Action item: The answer is to be the data that follows, transcribed exactly, minus its pictures.

Data:
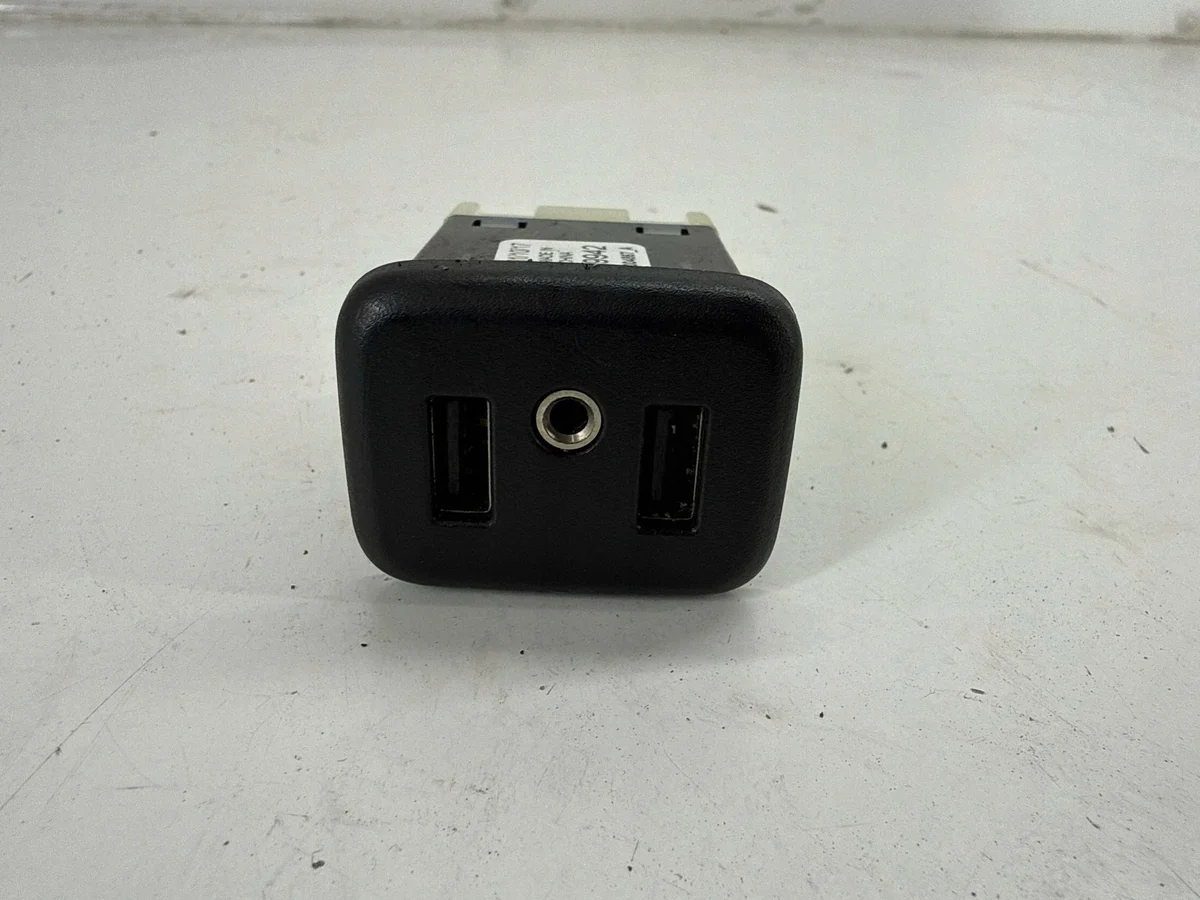 USB Buchse Chevrolet Camaro 13509942 image 2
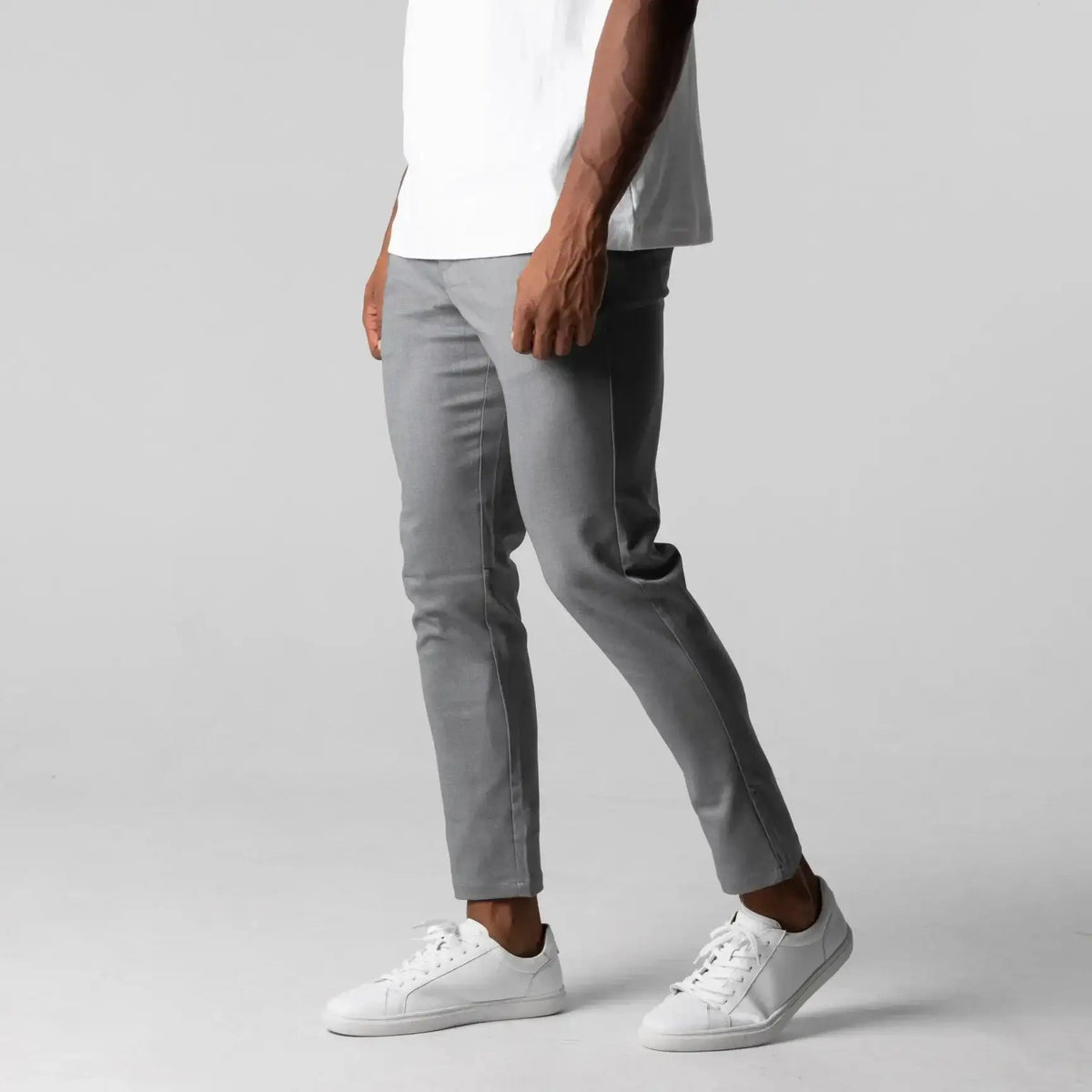 César - Chino Elástico Premium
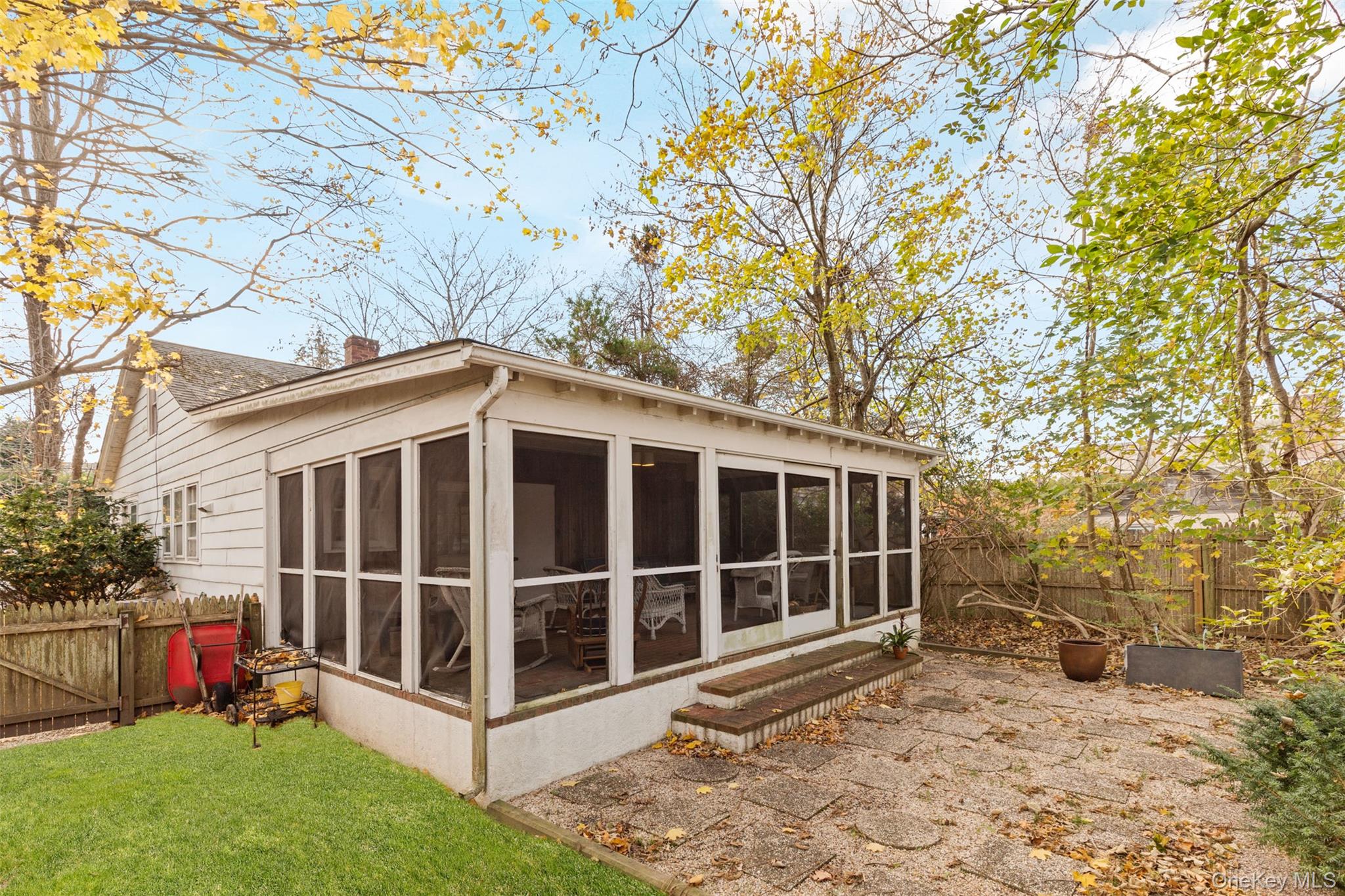 #12 photo, 197 W Prospect Street, サフォーク郡 Southampton , NY 11968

Solution for this problem:
 USB Buchse Chevrolet Camaro 13509942 image 2
 César - Chino Elástico Premium
 #12 photo, 197 W Prospect Street, サフォーク郡 Southampton , NY 11968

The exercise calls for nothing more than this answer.